Make sure it's persisted (if you use puppet there's a module for that): 

# vim /etc/sysctl.conf
...
net.ipv4.conf.all.rp_filter=2

You can then trigger a DHCP request on the second interface: 

# dhclient eth1
2: eth0: <BROADCAST,MULTICAST,UP,LOWER_UP> mtu 1500 qdisc pfifo_fast state UP group default qlen 1000
    link/ether fa:16:3e:6a:49:96 brd ff:ff:ff:ff:ff:ff
    inet 137.138.31.21/24 brd 137.138.31.255 scope global noprefixroute dynamic eth0
       valid_lft 603150sec preferred_lft 603150sec
    inet6 fe80::f816:3eff:fe6a:4996/64 scope link noprefixroute
       valid_lft forever preferred_lft forever
3: eth1: <BROADCAST,MULTICAST,UP,LOWER_UP> mtu 1500 qdisc pfifo_fast state UP group default qlen 1000
    link/ether fa:16:3e:ac:a6:ef brd ff:ff:ff:ff:ff:ff
    inet 137.138.31.44/24 brd 137.138.31.255 scope global dynamic eth1
       valid_lft 604796sec preferred_lft 604796sec

One option is to add the configuration for eth1 on all VM instances, even if it's only attached/active in one at a time.
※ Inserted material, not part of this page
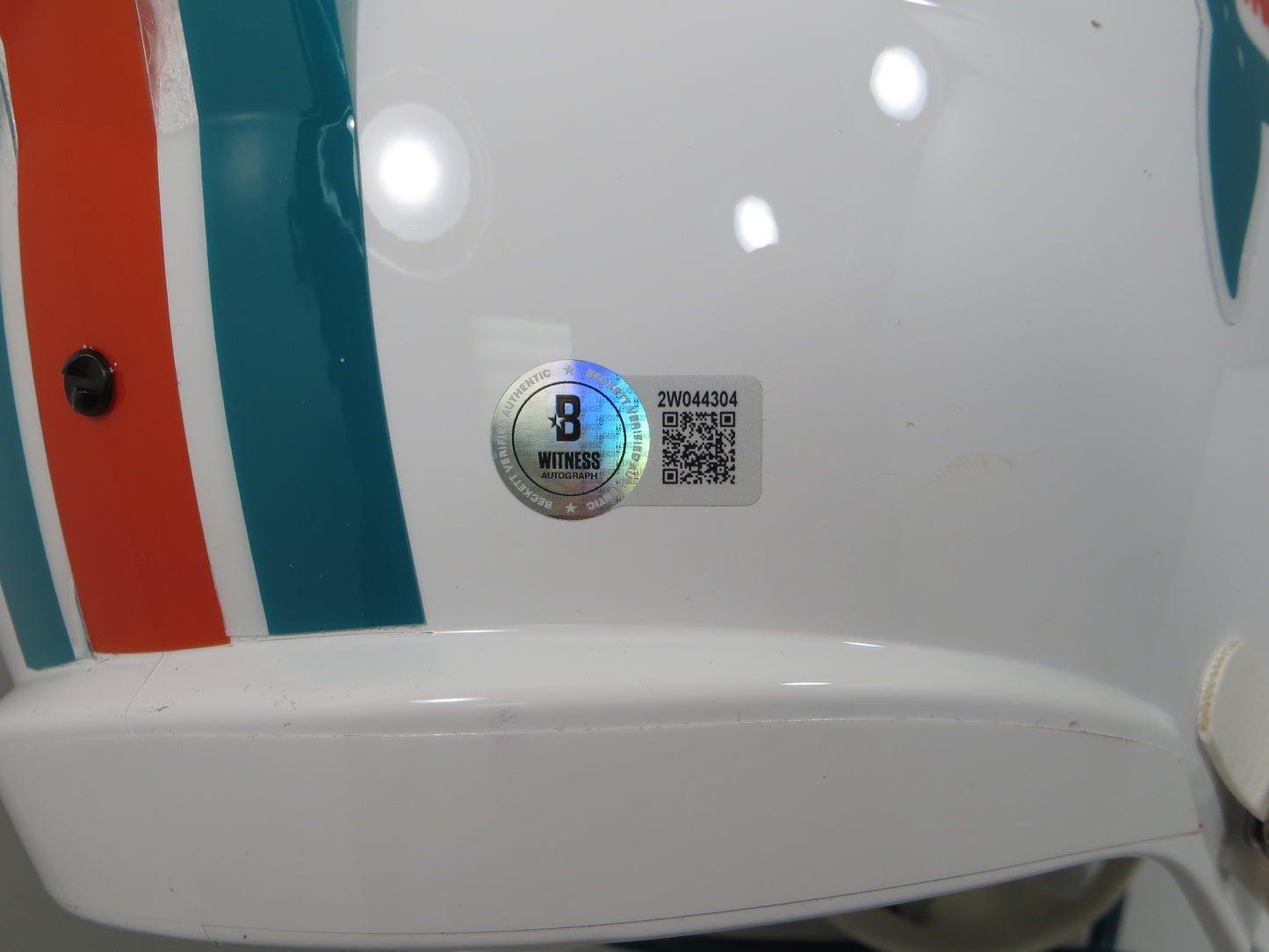 ZACH THOMAS SIGNED MIAMI DOLPHINS Riddell FULL SIZE HELMET Texas Tech BAS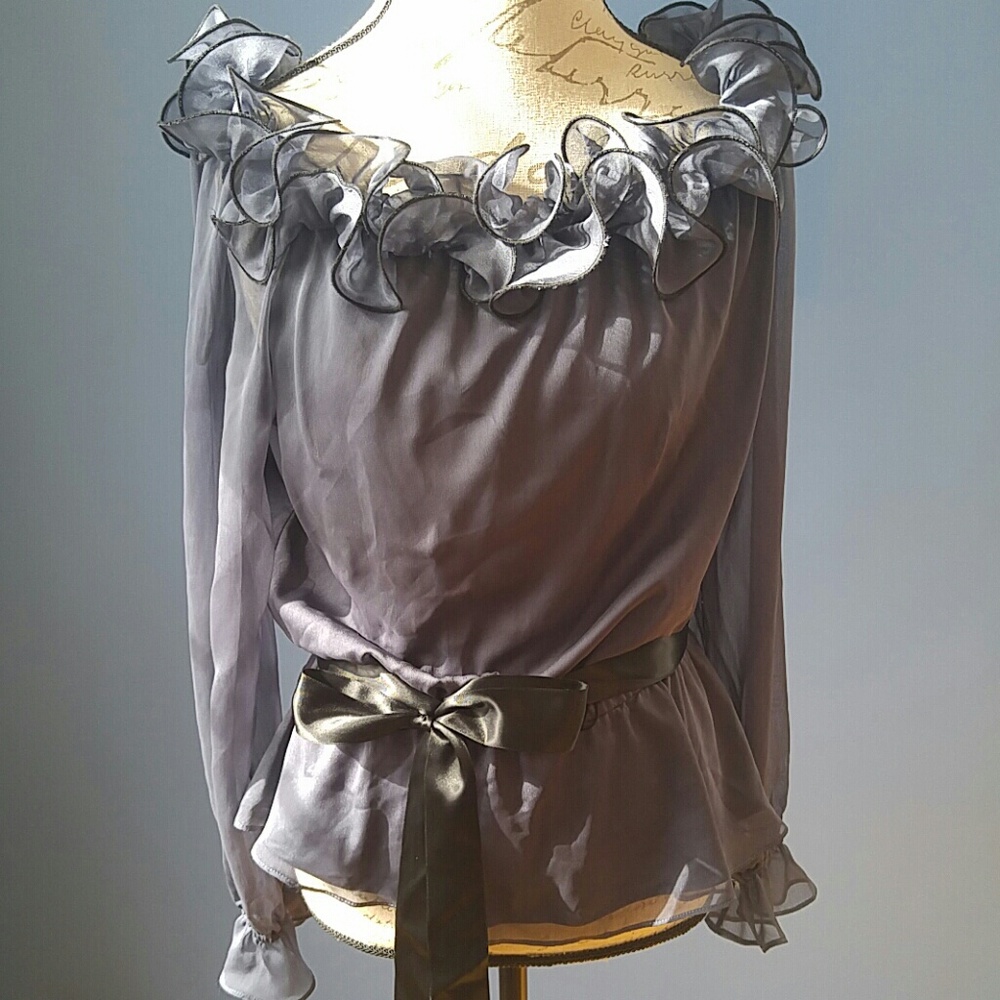 Ink colored ruffle neck silk blouse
This simplifies the switch by only bringing eth1 up after moving the port.

Here's an example: 

# vim /etc/sysconfig/network-scripts/ifcfg-eth1

# Generated by dracut initrd
NAME="eth1"

ONBOOT="yes"
NETBOOT="yes"
IPV6INIT="no"
BOOTPROTO="dhcp"
TYPE="Ethernet"
PROXY_METHOD="none"
BROWSER_ONLY="no"
DEFROUTE="yes"
IPV4_FAILURE_FATAL="no"
IPV6_AUTOCONF="no"
IPV6_DEFROUTE="no"
IPV6_FAILURE_FATAL="no"
DHCPV6C=no
PERSISTENT_DHCLIENT=1
NOZEROCONF=1

Moving the interface

A manual example of moving the network interface between VMs: 

openstack server remove port VM1 MYPORT
openstack server add port VM2 MYPORT

Common Questions

How to automate failover between active and standby?

The required commands are explained above, but a system triggering them is out of scope of these instructions. Corosync and Pacemaker are popular options for such a setup - there's a puppet module to help with such a setup.